At a high level, CloudWatch helps you:
- Collect **metrics** (time-series measurements) from AWS services and your own applications
- Collect and search **logs** (CloudWatch Logs)
- Create **alarms** that notify or trigger actions when something crosses a threshold
- Build **dashboards** for operational visibility

Most AWS services publish built-in metrics automatically (e.g., CPU utilization, request counts, error rates). You can also publish **custom metrics** for application-level signals (e.g., inference latency, queue depth).


## What is CloudWatch used for (practically)?
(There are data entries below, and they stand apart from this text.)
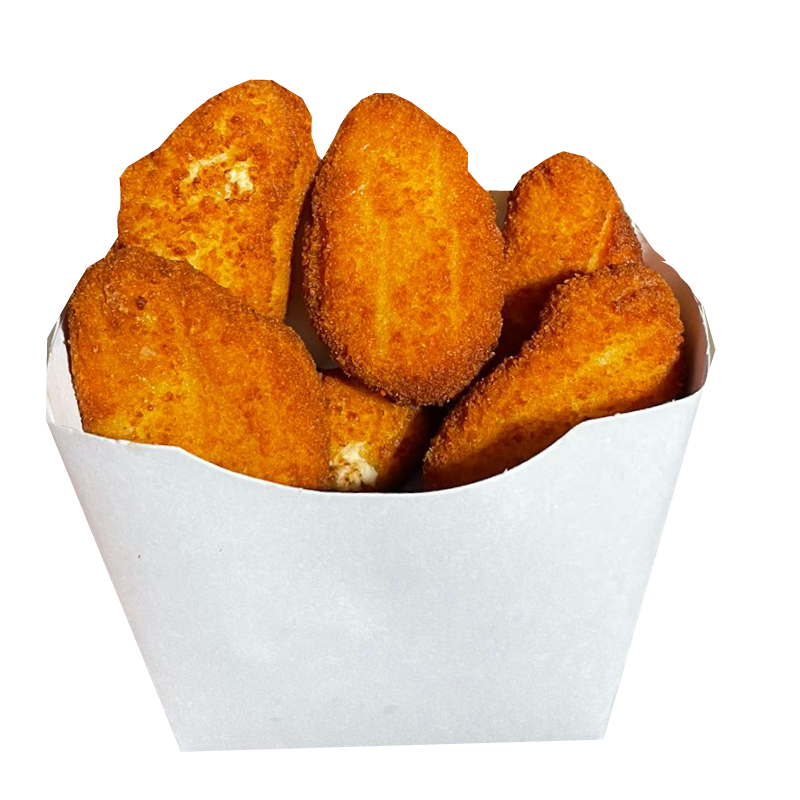 Nuggets de Pollo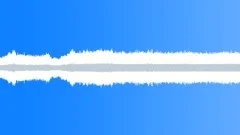 Factory Machinery Detail: Large, Vibrating & Rattling - Loop V5 Sound Effect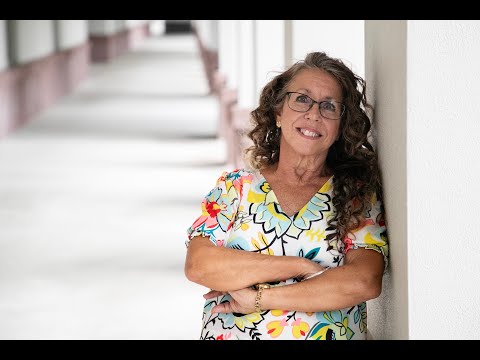 Kathy Kleiner Rubin talks about overcoming the trauma of being attacked by Ted Bundy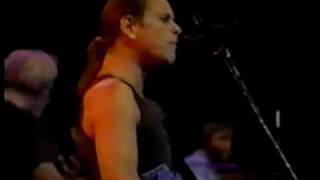 The Grateful Dead-Shoreline Amphitheatre-Estimated Prophet part 1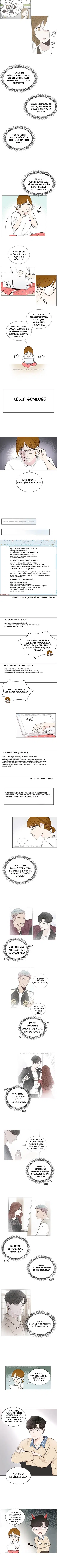 So I Married an Antifan - Bölüm 21 Sayfa 4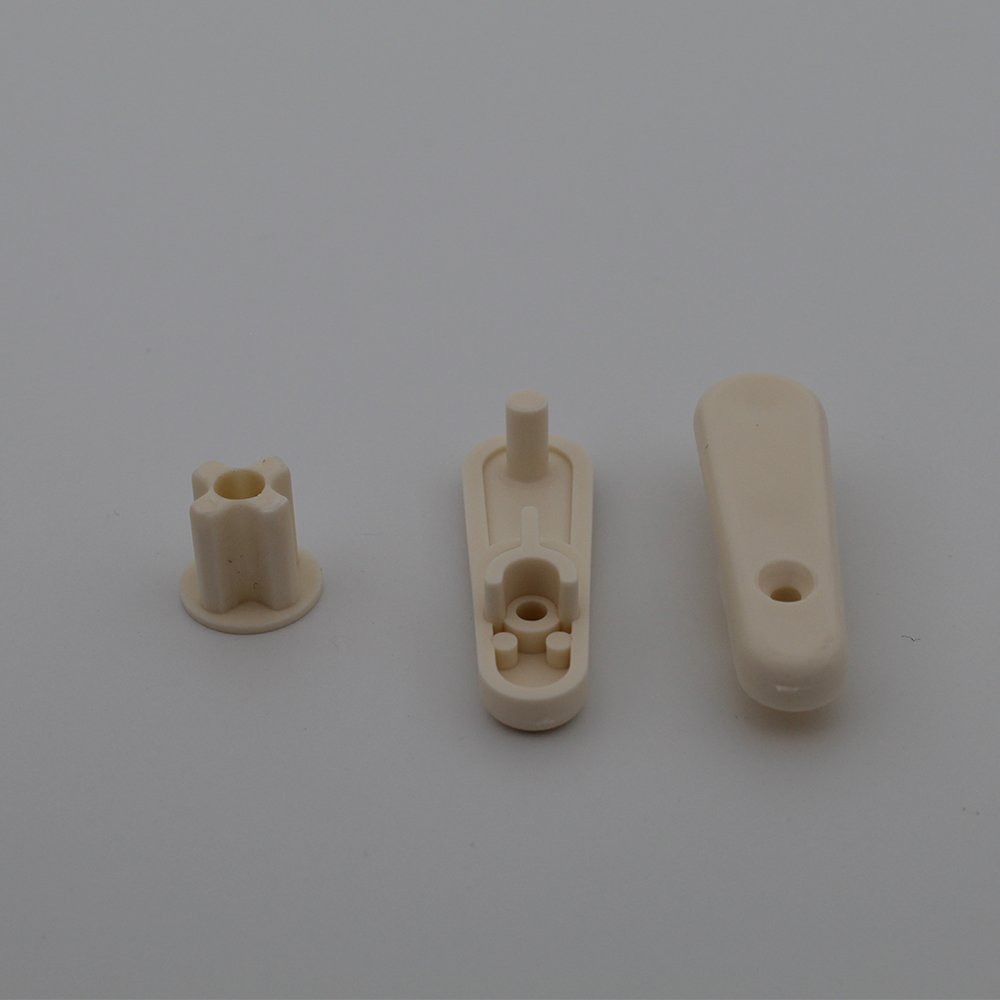 Orta Ayak Tıpası - Model 4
CloudWatch is commonly used to answer operational questions like:
- “Is the system healthy right now?” (dashboards + key metrics)
- “Did something break?” (alarms + notifications)
- “Why did it break?” (logs + correlation with metrics)
- “Is performance getting worse over time?” (trend analysis, percentiles)

Typical use cases:
- **Alerting**: notify on high error rates, latency spikes, low disk space, elevated throttling
- **Autoscaling signals**: drive scaling decisions based on CPU, queue depth, custom metrics
- **Troubleshooting**: correlate deploys/incidents with metrics and log traces
- **Compliance/operations**: retain logs with defined retention, build audit-style dashboards

In ML systems (examples):
- Monitor **training jobs** (duration, resource usage, failures)
- Monitor **inference endpoints** (p50/p95 latency, error rate, saturation)
- Track **data quality / drift** signals as custom metrics (where appropriate)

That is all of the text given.